** To do **
For the material that follows, return exactly the lines from the one with "VCA Butterfly Between the Finger ring" through the one with "New Laptop MSI", both ends included.
** Opening Data excerpts block **
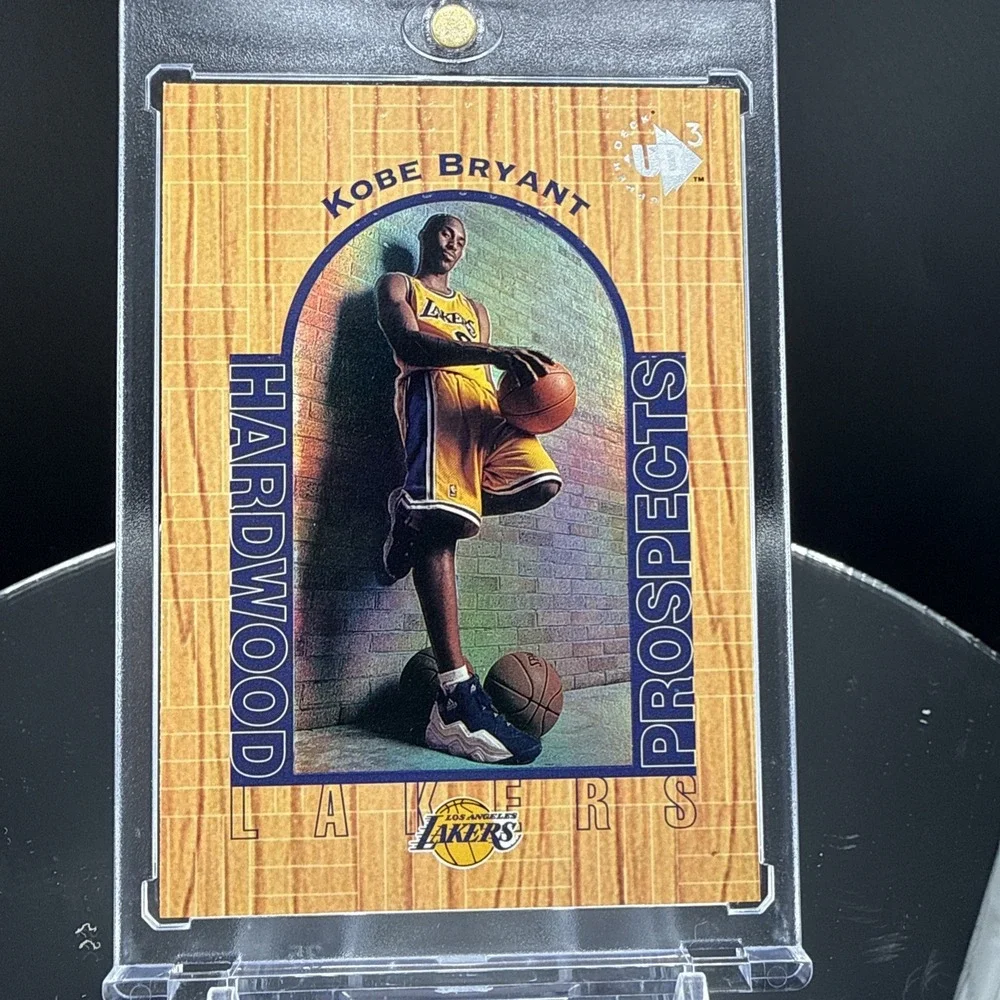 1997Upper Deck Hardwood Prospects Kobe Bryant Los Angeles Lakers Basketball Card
** Closing Data excerpts block **
** Opening Data excerpts block **
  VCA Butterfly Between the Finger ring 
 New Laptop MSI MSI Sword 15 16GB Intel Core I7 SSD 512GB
** Closing Data excerpts block **
** Answer for this exercise **
  VCA Butterfly Between the Finger ring 
 New Laptop MSI MSI Sword 15 16GB Intel Core I7 SSD 512GB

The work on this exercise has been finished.